**ASSIGNMENT**
Of the lines in the listing below, count those containing "click". Provide the count and nothing else.

**SOURCE DATA**
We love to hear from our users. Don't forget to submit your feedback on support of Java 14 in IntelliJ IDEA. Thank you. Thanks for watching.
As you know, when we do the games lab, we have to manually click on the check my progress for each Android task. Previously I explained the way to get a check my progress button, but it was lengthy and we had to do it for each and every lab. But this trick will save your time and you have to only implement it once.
...
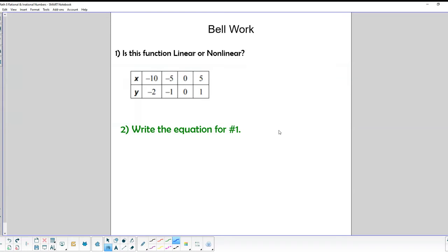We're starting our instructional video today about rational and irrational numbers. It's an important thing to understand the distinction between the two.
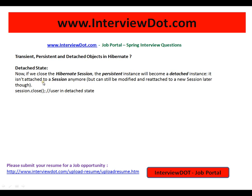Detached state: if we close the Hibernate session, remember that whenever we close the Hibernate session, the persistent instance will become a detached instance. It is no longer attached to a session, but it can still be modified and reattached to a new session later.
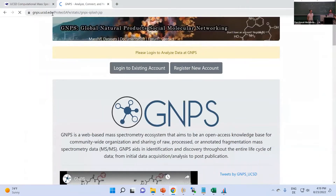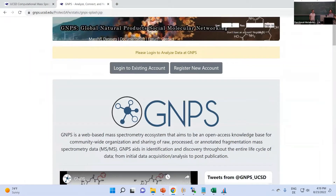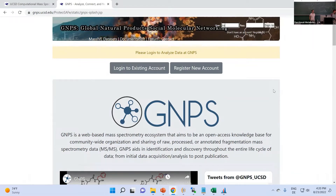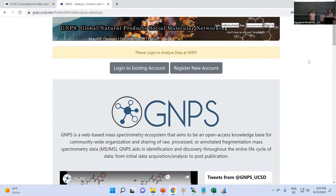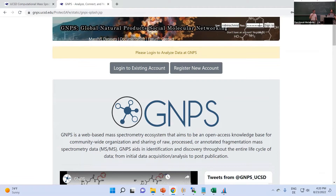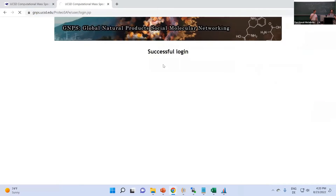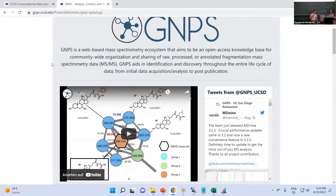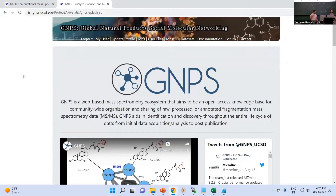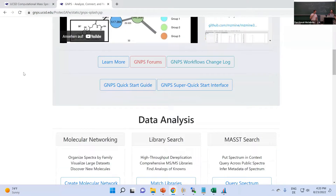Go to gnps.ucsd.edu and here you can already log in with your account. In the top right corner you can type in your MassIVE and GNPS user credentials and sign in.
==
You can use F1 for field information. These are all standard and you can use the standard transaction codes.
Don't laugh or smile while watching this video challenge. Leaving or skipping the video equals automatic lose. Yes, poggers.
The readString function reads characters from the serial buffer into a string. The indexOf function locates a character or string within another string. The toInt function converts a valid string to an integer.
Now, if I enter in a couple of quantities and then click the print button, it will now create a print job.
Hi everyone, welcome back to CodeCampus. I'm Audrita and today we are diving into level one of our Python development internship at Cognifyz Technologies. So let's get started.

**YOUR RESPONSE**
2